Polish journalist and writer

Alice Bota (born 15 December 1979) is a German journalist, presently working for the weekly Die Zeit, and a book author. Born in Poland, she studied in both Germany and Poland and focuses on topics of Eastern Europe.

== Career ==
Born in Krapkowice, Poland, Bota grew up in Upper Silesia. Her family emigrated to Germany in 1988 and settled first in Hamburg. She received her Abitur in 1999 from the gymnasium in Pinneberg. She studied German literature, political science and sociology at the University of Kiel, and won a scholarship in 2001 to further study International Relations at the Adam Mickiewicz University in Poznań. She continued her studies in Berlin and Potsdam, and wrote her thesis partly in Warsaw.

From 2005 Bota studied at the Deutsche Journalistenschule in Munich. An internship at weekly newspaper Die Zeit during that time led to her employment as a political correspondent in 2007. Her main emphasis was on Eastern Europe. She also worked as a correspondent reporting for Tagesschau in Ukraine. Since 2015, she has been working as Moscow correspondent for Die Zeit.
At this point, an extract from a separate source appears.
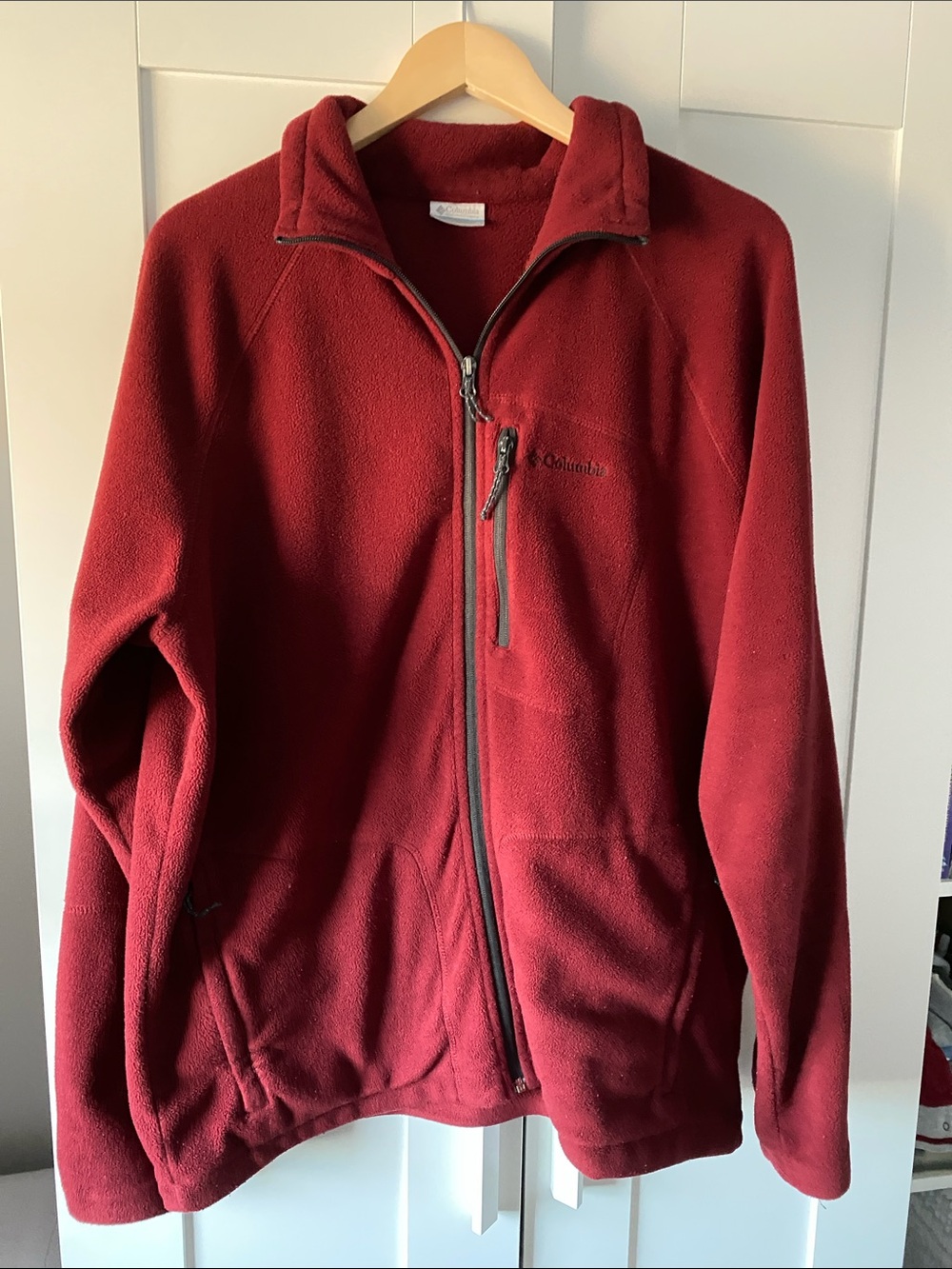 Columbia Men's Deep Red Full-Zip Fleece Jacket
Bota has been a regular guest on the political talkshow Presseclub to discuss issues related to the political developments in Ukraine. In May 2015, Bota took part in a Streitraum panel discussion about the conflict between Russia and Ukraine at the Schaubühne in Berlin, moderated by Carolin Emcke.

In 2012, together with Khuê Pham and Özlem Topçu, Bota published the book Wir neuen Deutschen (We new Germans), which coined the term "Neue Deutsche".

== Awards ==
In 2009 Bota was awarded the Axel-Springer-Preis for young journalists for her article "Wo Geburt und Tod sich treffen".